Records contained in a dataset
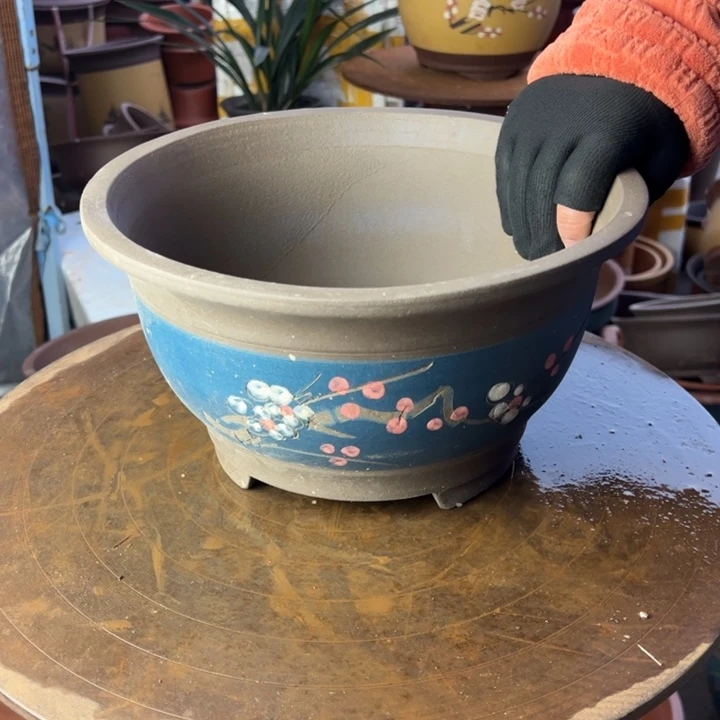 紫砂宜兴紫砂花盆蓝富贵点菜大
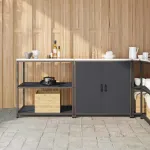 Set de depozitare pentru bucătărie cu raft 2 pcs Antracit GartenMobel Dekor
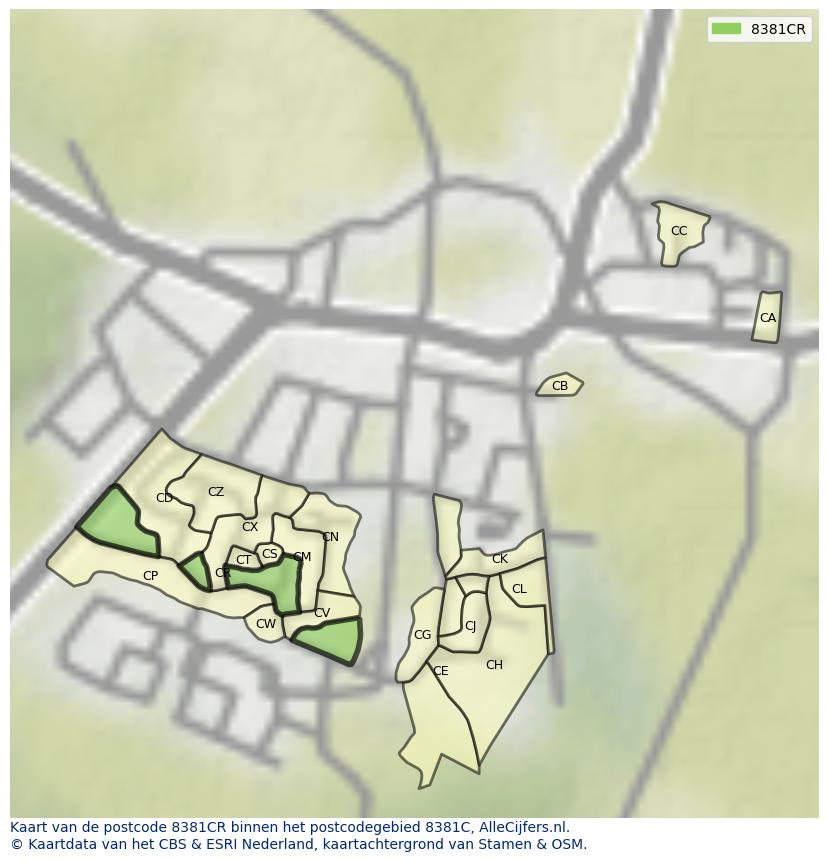 Afbeelding van het postcodegebied 8381 CR op de kaart.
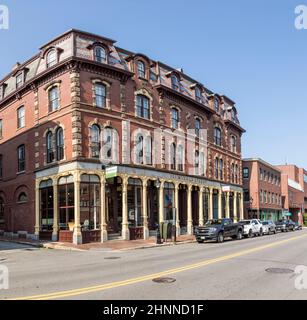 ortland Old Port is filled with 19th century brick buildings. The woodman building is typical for the 19th century victorian brick style Stock Photo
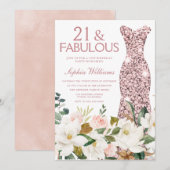 ローズゴールドのドレス ブラッシュホワイト 21歳の誕生日パーティー 招待状 (正面/裏面)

— Work item —
The records above should be repeated exactly, with no pictures in the copy.

— Answer for the task —
 紫砂宜兴紫砂花盆蓝富贵点菜大
 Set de depozitare pentru bucătărie cu raft 2 pcs Antracit GartenMobel Dekor
 Afbeelding van het postcodegebied 8381 CR op de kaart.
 ortland Old Port is filled with 19th century brick buildings. The woodman building is typical for the 19th century victorian brick style Stock Photo
 ローズゴールドのドレス ブラッシュホワイト 21歳の誕生日パーティー 招待状 (正面/裏面)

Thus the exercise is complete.